Jazzisti in politica, pochi. Anche se in un certo senso «suonare jazz vuol dire far politica», come ha sottolineato l’anno scorso in Umbria il sassofonista Sonny Rollins, maestro dell’hard bop. In compenso, ora che il mondo è interconnesso e trasversale, c’è chi ritiene che le doti di questi musicisti sarebbero preziose nel management. Si tratta, in particolare, del sociologo (e pianista) Frank J. Barrett, autore del libro Disordine armonico.
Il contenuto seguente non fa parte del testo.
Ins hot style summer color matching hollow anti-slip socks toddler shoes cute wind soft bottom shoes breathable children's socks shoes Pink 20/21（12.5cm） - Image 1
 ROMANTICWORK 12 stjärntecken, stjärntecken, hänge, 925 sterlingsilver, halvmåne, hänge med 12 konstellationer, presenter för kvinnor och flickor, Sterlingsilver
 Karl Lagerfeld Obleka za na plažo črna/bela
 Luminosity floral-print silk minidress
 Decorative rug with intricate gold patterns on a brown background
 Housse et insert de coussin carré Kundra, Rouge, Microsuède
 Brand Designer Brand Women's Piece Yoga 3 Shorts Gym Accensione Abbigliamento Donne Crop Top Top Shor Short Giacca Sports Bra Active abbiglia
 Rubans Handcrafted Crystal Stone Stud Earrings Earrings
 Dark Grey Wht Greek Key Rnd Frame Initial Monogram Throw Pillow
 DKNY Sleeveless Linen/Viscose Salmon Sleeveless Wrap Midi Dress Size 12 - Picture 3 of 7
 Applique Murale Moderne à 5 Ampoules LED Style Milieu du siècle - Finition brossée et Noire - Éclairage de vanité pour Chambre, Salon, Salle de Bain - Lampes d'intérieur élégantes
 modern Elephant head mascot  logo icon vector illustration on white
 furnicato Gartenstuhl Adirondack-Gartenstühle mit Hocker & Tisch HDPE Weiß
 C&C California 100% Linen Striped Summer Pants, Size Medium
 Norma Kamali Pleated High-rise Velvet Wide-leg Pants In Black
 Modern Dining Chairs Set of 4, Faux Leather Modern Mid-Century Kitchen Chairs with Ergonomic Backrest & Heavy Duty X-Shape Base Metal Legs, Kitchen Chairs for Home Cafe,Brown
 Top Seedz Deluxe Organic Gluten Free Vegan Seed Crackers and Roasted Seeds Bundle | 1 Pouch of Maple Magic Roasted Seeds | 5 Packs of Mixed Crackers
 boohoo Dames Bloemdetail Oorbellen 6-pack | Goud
Leadership e jazz: «Questo tipo di musica è ben più di una metafora dell’organizzazione», ha spiegato. «I gruppi jazz sono di fatto organizzazioni progettate per l’innovazione, e gli elementi progettuali insiti nel jazz possono essere applicati alle organizzazioni che vogliano rinnovarsi».
Razionalità e istinto, perfezionismo e improvvisazione. Tra due estremi, a tirare le somme può essere solo chi li ha frequentati entrambi.
Keith Jarrett riceverà il Leone d’oro alla carriera il 29 settembre, durante il Festival Internazionale di Musica Contemporanea della Biennale di Venezia. Considerato uno dei pianisti e improvvisatori più straordinari della storia del jazz, non ha mai abbandonato la classica. «Suono Bach o Händel alla lettera, la “mia visione” non esiste. Ma quando improvviso sono completamente libero», ha raccontato. «I più grandi pianisti del mondo invece tengono la loro immaginazione al guinzaglio, perché hanno sempre davanti quello spar tito. Allora io dico: liberateli».